*Problem requirements*.
Set down, exactly and only, everything from the line containing "Villa Violeta - Serene" down to the line containing "Anita Kettunen blir" in the data below; the pictures are not part of the copy.

*Input data*.
= Beginning of Section =
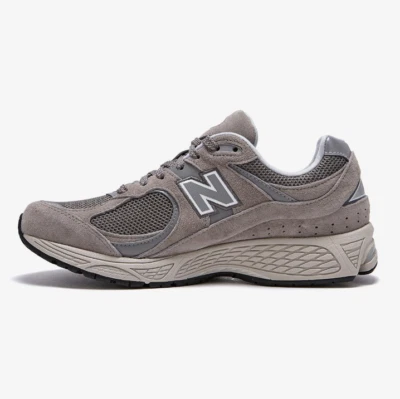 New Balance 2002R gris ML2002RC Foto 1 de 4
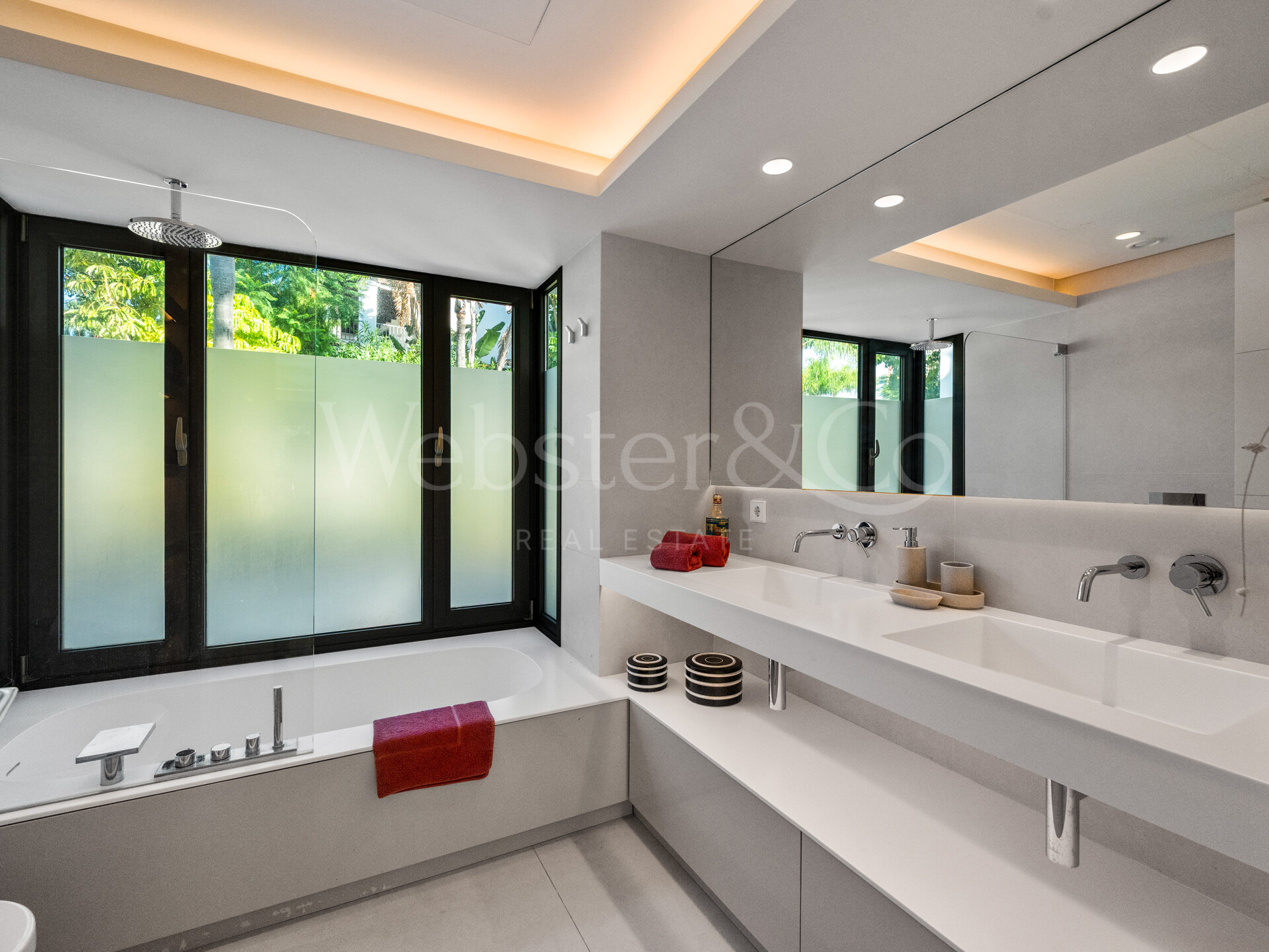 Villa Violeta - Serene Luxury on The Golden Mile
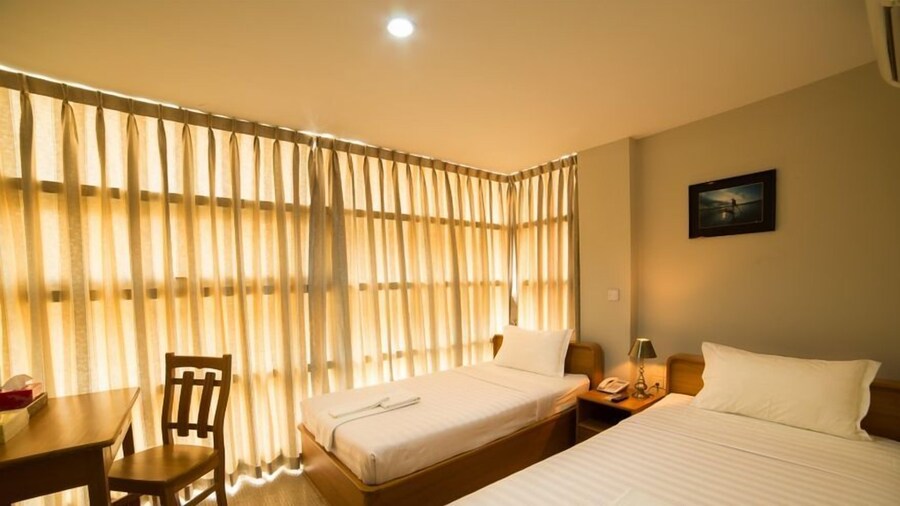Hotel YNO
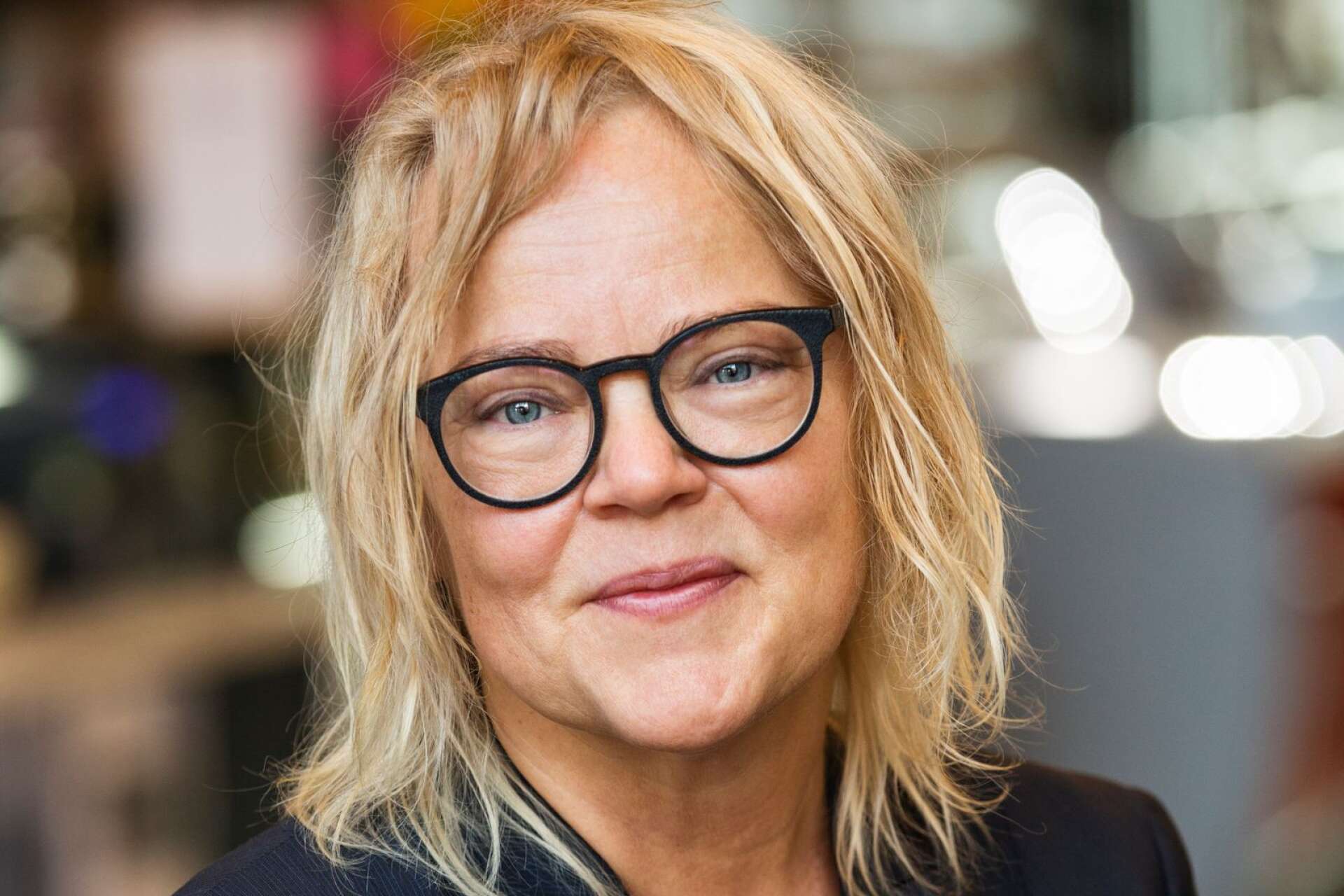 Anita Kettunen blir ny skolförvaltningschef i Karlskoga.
= End of Section =
= Beginning of Section =
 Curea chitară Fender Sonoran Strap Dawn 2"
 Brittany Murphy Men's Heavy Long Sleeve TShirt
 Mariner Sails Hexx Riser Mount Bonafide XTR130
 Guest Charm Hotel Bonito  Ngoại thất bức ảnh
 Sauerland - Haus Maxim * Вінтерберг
= End of Section =
*Answer space*.
 Villa Violeta - Serene Luxury on The Golden Mile
Hotel YNO
 Anita Kettunen blir ny skolförvaltningschef i Karlskoga.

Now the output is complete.